RSA 2018 results show firm ‘exposed to more volatility than expected’
RSA group CEO Stephen Hester welcomed the insurer’s increased headline profits in its 2018 results, but he said that at an underlying level the results were down and that the firm was taking decisive action to ensure a return to form in 2019.
Pre-tax profits were £480m in 2018 up 7 percent from £448m in 2017. However, the group’s combined ratio worsened to 96.2 percent from 94 percent a year earlier.
Group net written premiums were £6.4 billion in 2018 down from 6.6 billion in 2017.
Stephen Hester, RSA group chief executive, said: “In 2018 RSA increased headline profits and dividends with a still attractive return on capital. At an underlying level however, the results represent RSA’s first down year since 2013. We believe strongly that 2019 will show a bounce back and are taking decisive action to that end.

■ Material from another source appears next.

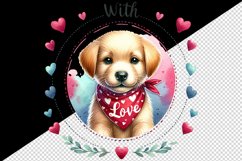 Watercolor cute dog puppy red heart Happy Valentine Day greeting quote print 20oz tumbler skinny mug wrap clipart t-shirt sublimation printable design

“Much went well in 2018, with excellent results in many of RSA’s Personal Lines businesses and good progress on expenses and other strategic initiatives. However, adverse weather costs and challenging Commercial Lines results exposed us to more volatility than expected. This was most intense in the ‘London Market’ business which accounted for substantially all our underperformance in the second half. We announced significant portfolio exits and initiated major pricing and re-underwriting programmes during the year. We have also made management changes and increased reinsurance coverage for 2019. Our performance ambitions for RSA are high, and unchanged. We recognise the need to demonstrate resumed progress against them.”